Danijela Kadoić Kućibradić is one of those women entrepreneurs. She owns and runs a small enterprise for construction design in the city of Osijek, located in a rural region of Croatia.

Thirty-nine-year-old Danijela belongs to a new generation of women entrepreneurs who have defied traditional gender roles in Croatia. Choosing to be an entrepreneur is not common for Croatian women but joining the civil engineering profession is even less common.  

Danijela started her own firm three years ago, after working for twelve years with a private firm.


"I constantly have to be better than the men, to prove myself. Sport taught me discipline and instilled in me this fighting spirit."

“I just don't like bosses!” says Danijela. Her energetic appearance reflects her sporting past: while in high-school she was a semi-professional volleyball player. She supported herself during her studies with money earned from playing volleyball.

Coming from a working-class background, Danijela didn't have many career options, but she was determined to succeed at whatever she did. She originally dreamed of becoming an architect, but later decided to pursue a career in civil engineering. After completing her Bachelor of Arts degree, she quickly found a job.

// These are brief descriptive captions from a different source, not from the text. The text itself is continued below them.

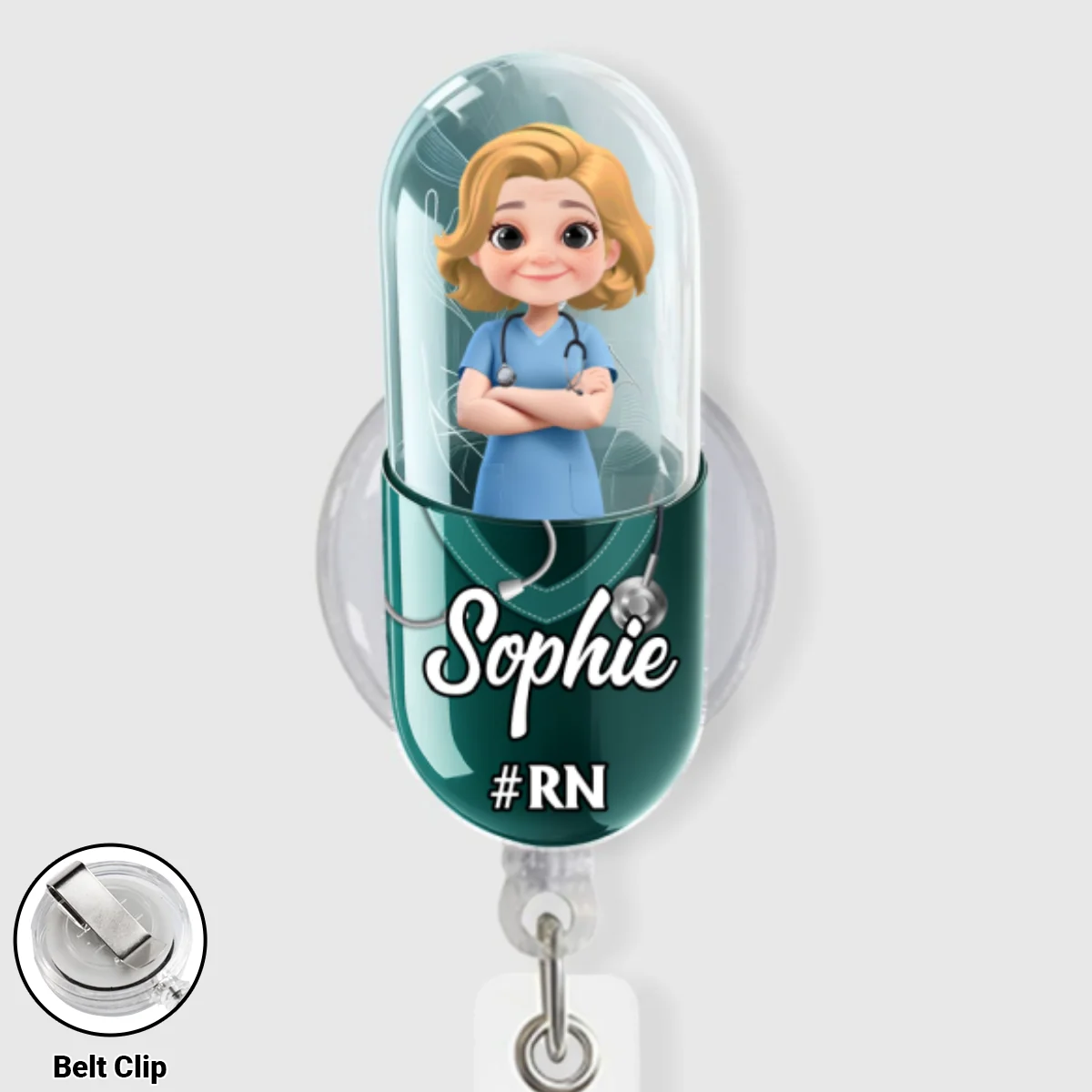 Proud To Be A Nurse Capsule - Personalized Custom Acrylic Badge Reel - Image 8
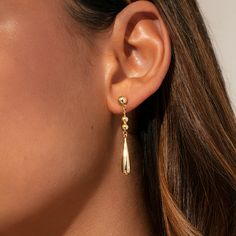 Gold Earrings Formal Wedding Jewelry, Gold Bridesmaid Accessories, Long Dangly Gold Earrings, Formal Jewelry Gold Earrings, Formal Earrings Gold, Trendy Gold-tone Dangle Earrings, Chic Teardrop Earrings Tarnish Resistant, Trendy Teardrop Earrings For Formal Occasions, Trendy Formal Teardrop Earrings For Pierced Ears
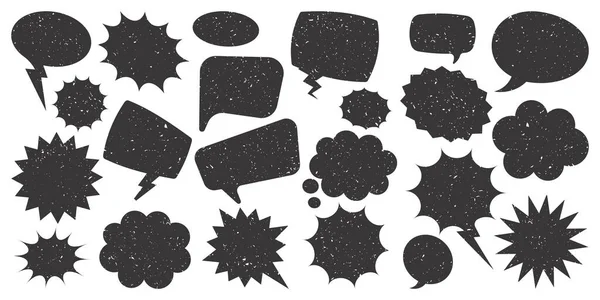 Black grunge comic speech φυσαλίδες απομονώνονται σε λευκό φόντο. Χειροποίητα ρετρό αυτοκόλλητα. Κουβέντα, μήνυμα. Εικονογράφηση διανύσματος — Διανυσματικό Αρχείο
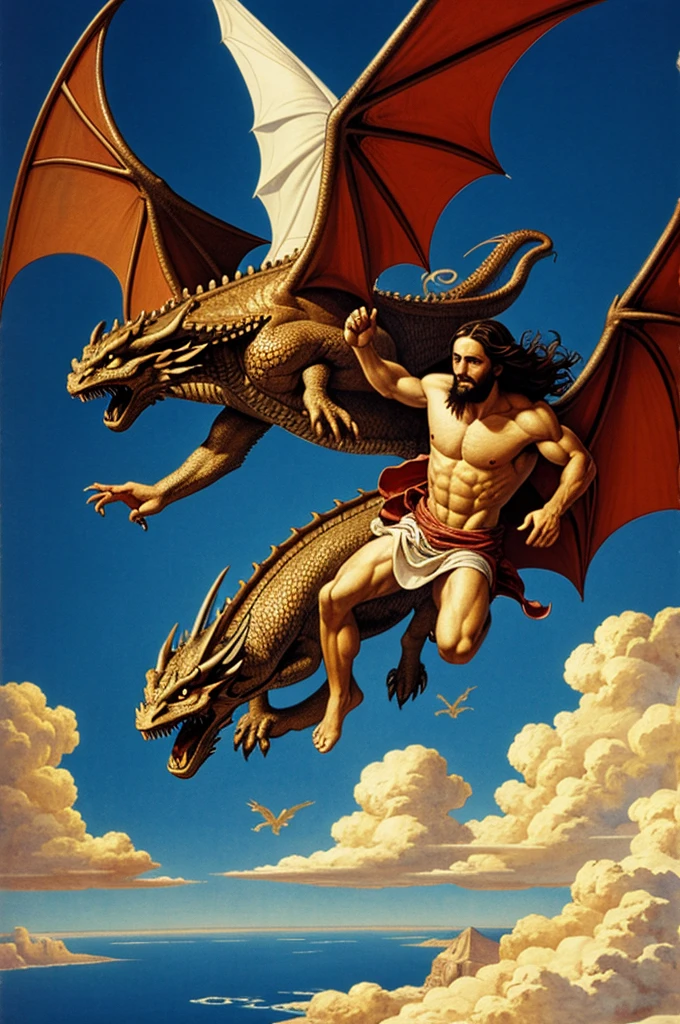 Jesus Flying With a dragon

Today, Danijela is married with two children. She shares domestic chores and childcare duties with her husband, without which it would be almost impossible for her to compete with predominantly male colleagues in her field of work.

“I constantly have to be better than the men, to prove myself,” says Danijela. “This often means working 16 hours per day, and on weekends as well. And there are still times when I am told I don’t know anything because I am a woman.”


"I simply won’t give up!"

Danijela’s firm has more than enough clients, fortunately, and doesn't even have to advertise its services. Although she admits that she feels overstretched sometimes. “Sport taught me discipline and instilled in me this fighting spirit,” she says with a grin. “I simply won’t give up!”

Danijela succeeded though sheer determination and hard work. She managed to overcome many of the bottlenecks that prevent women from starting their own businesses and becoming entrepreneurs in Croatia.

Social norms were certainly part of the challenge for Danijela, but like other Croatian women, she faced additional constraints including an absence of affordable business development services, lack of financial and social capital, and an absence of institutions and networks that give women a collective voice in the marketplace and in the community. Women are also reluctant to enter, or reenter, the labor market because of unaffordable or inaccessible childcare services.

A forthcoming World Bank report, Investing in Opportunities for All: Croatia Country Gender Assessment, recommends a whole-of-government approach to addressing these gender barriers, which would entail national and municipal governments providing a supportive environment for women’s entrepreneurship. With greater opportunities and gender equality, more women in Croatia will be able to follow in Danijela’s footsteps.